Rusya-Ukrayna savaşının bu yıl küresel ve bölgesel güvenliğe en önemli tehdit haline geldiğini dile getiren Çavuşoğlu, diplomatik inisiyatif üstünlüğüyle “ilkeli ve aktif bir denge politikası” izlediklerini, doğruya doğru, yanlışa yanlış dediklerini kaydetti.

Çavuşoğlu, Rusya-Ukrayna savaşının başından bu yana Türkiye’nin barış için çaba gösterdiğini belirterek iki ülke dışişleri bakanlarını Antalya’da, müzakere heyetlerini de İstanbul’da buluşturduklarına, Montrö Sözleşmesi’ne titizlikle uyulduğuna işaret etti.

Türkiye ve BM arabuluculuğunda imzalanan tahıl koridoru anlaşmasına da değinen Çavuşoğlu, “BM ile İstanbul Tahıl Anlaşması’nı hayata geçirdik. Bilahare, uzatılmasını sağladık. Böylece küresel gıda kriziyle mücadeleye önemli bir katkı sağladık.” diye konuştu.

Çavuşoğlu ayrıca Türkiye’nin, Zaporijya Nükleer Santrali’ne dair risklerin kontrol altında tutulmasına yardımcı olduğunu, Rusya ile Ukrayna arasındaki esir takasına da aracılık ettiğini anımsattı.

“Türkiye, küresel sistemde önemli bir aktör haline geldi”

Türkiye’nin dış politikada oynadığı role değinen Çavuşoğlu, “Cumhurbaşkanımızın lider diplomasisi ve iki ülkeyle yıllara dayanan güven ilişkisi, Türkiye’yi merkezi bir konuma getirdi. Küresel sistemde önemli bir aktör haline geldik.” dedi.
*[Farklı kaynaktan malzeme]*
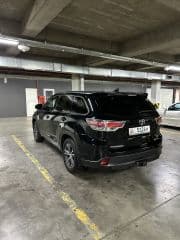 Toyota Highlander III (U50) Черныш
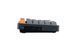 Keychron Клавиатура механическая K8 87Key, Gateron G Pro Red, Hot-Swap, BT/USB-A, EN/UKR, RGB, Черный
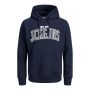 Jack & Jones JJcemb sweat hood heren navy blazer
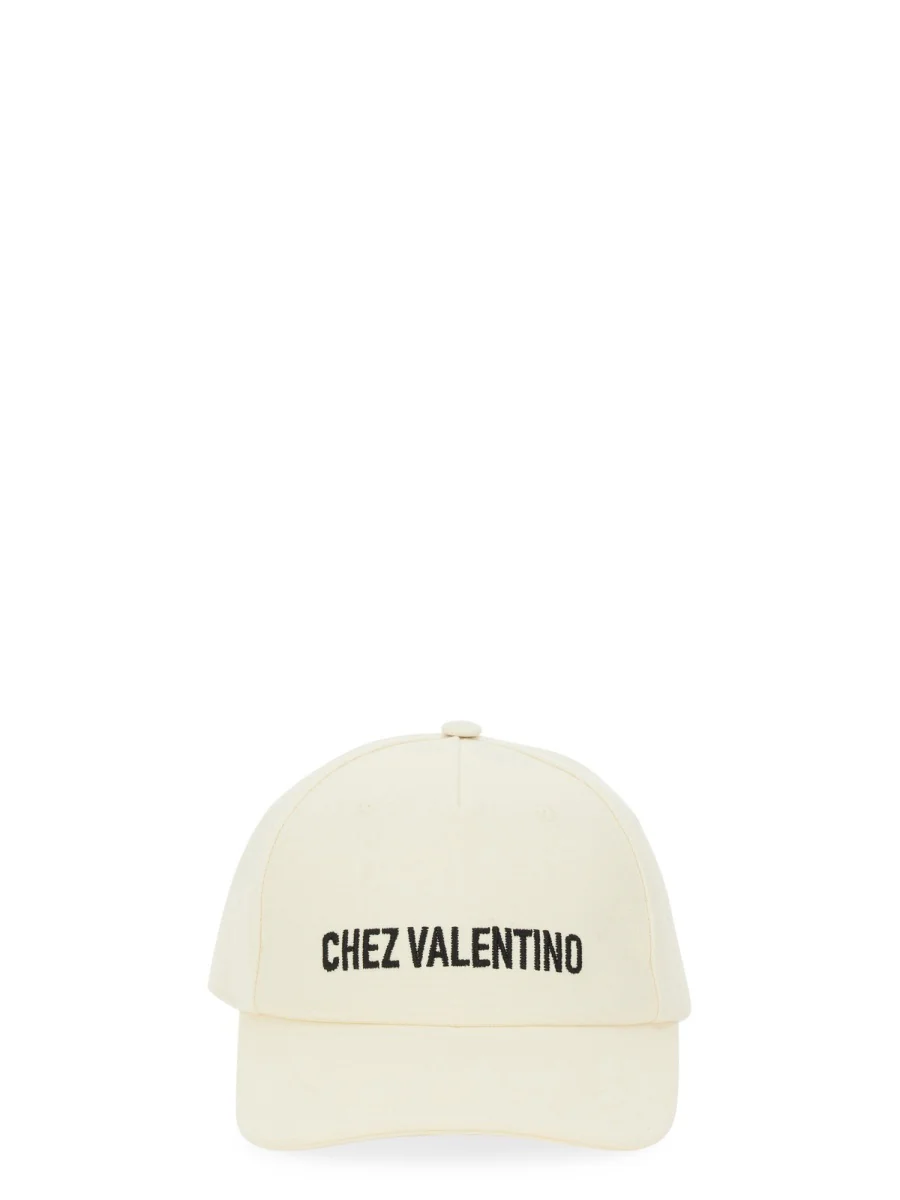 VALENTINO GARAVANI Cotton Baseball Cap - Image 7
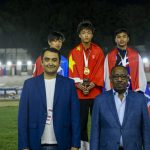 Day 2 – 5th Asian U18 Athletics Championships 2023, Tashkent, Uzbekistan — Photo 156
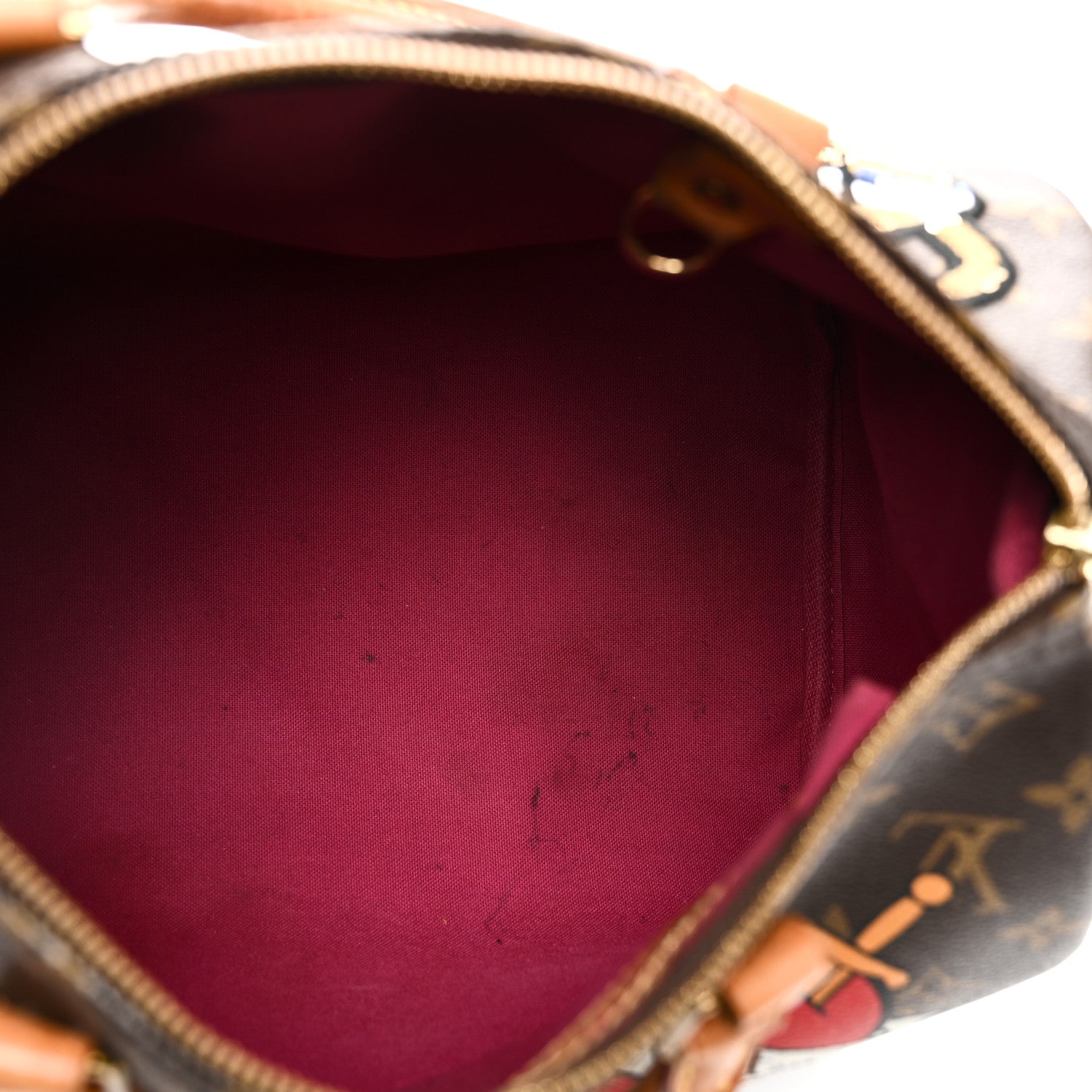 Louis Vuitton Monogram Patches Speedy Bandouliere 30 5 of 11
Çavuşoğlu, terörle mücadelenin gündemlerindeki en önemli konulardan biri olduğunu ve bu konuda yürüttükleri diplomatik çabalara işaret ederek “Yoğun gayretlerimiz sonucunda, NATO Stratejik Konsepti, terörizmi, İttifak’a temel iki tehditten birisi olarak teyit etti. İsveç ve Finlandiya’nın NATO üyelikleri bağlamında, teröre ilişkin kaygılarımızı müttefiklerin gündemine tekrar soktuk. PKK’nın yanı sıra PYD-YPG ve FETÖ’yü ismen belirten bir metne ilk kez zirve bildirisinde atıf yapıldı.” ifadelerini kullandı.

İstanbul’daki terör saldırısından sonra güvenlik güçlerinin Pençe-Kılıç Harekatıyla sahadaki mücadelesine Dışişleri Bakanlığı olarak masada gerekli desteğin verildiğini belirten Çavuşoğlu, bu bağlamda BM, ABD, Rusya, Irak ve Esed rejimiyle temasların sürdüğünü kaydetti.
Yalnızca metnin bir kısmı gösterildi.